Beneath this task are records; state how many of their lines hold the word "Free", and nothing else.

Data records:
'''
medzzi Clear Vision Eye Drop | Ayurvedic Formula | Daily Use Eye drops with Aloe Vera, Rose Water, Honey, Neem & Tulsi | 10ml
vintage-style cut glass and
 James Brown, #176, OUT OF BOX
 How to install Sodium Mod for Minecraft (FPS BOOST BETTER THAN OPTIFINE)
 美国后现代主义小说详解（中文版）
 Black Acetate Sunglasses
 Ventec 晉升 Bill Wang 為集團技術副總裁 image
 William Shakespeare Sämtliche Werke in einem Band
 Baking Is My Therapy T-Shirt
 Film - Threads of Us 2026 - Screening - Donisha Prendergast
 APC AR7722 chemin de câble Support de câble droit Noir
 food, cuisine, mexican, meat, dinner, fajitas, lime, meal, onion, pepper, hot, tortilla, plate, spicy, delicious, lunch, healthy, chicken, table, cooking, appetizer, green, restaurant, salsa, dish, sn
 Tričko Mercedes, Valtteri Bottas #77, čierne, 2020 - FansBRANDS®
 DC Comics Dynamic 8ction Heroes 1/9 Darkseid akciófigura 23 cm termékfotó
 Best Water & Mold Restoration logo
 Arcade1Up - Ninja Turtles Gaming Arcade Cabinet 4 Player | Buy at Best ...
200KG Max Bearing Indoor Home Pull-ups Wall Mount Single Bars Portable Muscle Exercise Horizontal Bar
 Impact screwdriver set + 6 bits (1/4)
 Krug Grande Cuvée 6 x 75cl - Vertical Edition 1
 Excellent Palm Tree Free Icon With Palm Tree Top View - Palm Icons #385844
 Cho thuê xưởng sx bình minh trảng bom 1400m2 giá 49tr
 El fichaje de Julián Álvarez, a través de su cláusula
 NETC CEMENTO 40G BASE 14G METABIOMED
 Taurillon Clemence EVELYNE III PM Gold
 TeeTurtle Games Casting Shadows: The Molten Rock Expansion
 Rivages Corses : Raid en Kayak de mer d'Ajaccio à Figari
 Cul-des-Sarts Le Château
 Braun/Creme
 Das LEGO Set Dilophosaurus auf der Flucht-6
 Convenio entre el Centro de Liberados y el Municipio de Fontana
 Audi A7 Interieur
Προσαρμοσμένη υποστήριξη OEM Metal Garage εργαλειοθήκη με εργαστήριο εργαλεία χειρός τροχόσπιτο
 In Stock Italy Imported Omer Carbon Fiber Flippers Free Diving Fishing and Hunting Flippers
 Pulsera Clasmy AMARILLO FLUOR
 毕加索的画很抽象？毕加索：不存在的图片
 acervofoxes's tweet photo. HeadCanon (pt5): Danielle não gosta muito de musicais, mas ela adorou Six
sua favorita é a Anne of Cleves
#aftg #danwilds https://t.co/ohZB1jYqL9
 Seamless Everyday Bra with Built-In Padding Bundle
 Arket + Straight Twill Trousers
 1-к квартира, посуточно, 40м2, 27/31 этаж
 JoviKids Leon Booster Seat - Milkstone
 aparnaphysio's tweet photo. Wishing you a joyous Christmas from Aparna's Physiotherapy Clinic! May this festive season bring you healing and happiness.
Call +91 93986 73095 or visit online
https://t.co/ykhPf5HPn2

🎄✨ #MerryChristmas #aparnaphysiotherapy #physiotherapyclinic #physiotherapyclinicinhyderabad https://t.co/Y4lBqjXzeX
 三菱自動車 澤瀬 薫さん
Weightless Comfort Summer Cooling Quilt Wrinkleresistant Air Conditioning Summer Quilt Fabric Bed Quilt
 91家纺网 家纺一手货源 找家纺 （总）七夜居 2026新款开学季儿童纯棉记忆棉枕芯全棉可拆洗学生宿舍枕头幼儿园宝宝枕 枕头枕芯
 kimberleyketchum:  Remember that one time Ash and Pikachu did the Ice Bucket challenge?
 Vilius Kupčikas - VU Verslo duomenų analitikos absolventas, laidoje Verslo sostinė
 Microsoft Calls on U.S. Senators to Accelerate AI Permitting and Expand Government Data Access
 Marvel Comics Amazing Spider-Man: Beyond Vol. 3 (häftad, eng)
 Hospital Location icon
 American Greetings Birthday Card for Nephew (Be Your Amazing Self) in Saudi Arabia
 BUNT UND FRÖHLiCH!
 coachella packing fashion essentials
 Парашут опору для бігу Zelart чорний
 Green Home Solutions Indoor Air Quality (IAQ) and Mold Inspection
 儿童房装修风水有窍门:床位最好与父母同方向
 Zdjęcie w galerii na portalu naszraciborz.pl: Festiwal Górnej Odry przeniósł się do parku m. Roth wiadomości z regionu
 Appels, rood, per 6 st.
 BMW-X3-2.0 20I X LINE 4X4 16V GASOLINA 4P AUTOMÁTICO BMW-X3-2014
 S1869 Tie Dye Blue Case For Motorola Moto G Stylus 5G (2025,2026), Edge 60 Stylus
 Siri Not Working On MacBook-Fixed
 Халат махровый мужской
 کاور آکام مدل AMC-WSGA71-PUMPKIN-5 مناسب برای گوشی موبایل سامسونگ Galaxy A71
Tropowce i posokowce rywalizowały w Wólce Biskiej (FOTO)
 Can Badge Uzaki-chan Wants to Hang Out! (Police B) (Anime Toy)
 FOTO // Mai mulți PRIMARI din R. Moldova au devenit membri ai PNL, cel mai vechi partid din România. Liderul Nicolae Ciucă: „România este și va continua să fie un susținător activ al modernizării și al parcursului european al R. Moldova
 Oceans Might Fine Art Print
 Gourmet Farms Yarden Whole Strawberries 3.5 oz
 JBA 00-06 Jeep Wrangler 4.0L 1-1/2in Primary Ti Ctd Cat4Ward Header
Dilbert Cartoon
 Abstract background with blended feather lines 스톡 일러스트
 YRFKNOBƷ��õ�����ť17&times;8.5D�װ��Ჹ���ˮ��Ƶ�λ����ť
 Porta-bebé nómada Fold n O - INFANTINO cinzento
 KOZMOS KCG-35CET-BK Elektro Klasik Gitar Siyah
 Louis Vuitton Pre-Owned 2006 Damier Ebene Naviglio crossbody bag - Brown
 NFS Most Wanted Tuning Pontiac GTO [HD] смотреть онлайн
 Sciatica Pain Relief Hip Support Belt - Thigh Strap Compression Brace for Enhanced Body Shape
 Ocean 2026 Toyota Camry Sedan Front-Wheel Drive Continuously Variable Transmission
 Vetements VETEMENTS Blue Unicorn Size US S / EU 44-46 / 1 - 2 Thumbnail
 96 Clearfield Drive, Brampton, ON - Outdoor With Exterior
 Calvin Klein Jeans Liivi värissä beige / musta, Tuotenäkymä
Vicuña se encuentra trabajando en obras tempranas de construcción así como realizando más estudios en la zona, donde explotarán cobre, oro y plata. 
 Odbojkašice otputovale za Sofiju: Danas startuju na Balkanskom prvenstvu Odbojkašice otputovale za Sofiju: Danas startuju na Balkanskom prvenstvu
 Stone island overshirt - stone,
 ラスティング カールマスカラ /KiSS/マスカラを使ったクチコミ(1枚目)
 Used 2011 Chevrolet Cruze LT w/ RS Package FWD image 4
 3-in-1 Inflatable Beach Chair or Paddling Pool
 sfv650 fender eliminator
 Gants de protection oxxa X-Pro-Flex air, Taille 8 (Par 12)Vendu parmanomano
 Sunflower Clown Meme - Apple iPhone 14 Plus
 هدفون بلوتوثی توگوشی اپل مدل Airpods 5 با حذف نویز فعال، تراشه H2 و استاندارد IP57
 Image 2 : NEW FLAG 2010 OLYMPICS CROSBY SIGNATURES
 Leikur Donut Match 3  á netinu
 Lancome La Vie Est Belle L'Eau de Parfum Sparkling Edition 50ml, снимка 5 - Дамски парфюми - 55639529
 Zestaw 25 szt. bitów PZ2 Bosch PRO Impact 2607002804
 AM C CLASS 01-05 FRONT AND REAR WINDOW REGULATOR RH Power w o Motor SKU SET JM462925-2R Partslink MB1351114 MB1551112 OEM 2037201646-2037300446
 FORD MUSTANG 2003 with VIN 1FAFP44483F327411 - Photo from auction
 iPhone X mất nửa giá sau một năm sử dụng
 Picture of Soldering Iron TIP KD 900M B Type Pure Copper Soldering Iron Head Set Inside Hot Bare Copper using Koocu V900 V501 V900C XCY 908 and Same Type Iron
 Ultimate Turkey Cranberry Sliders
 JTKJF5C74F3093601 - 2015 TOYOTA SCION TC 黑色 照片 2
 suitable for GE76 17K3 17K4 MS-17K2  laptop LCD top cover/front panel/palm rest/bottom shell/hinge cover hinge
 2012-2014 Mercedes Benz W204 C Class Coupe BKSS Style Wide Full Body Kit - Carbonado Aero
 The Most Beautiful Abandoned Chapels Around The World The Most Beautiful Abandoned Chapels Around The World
'''
# [Answer box]
2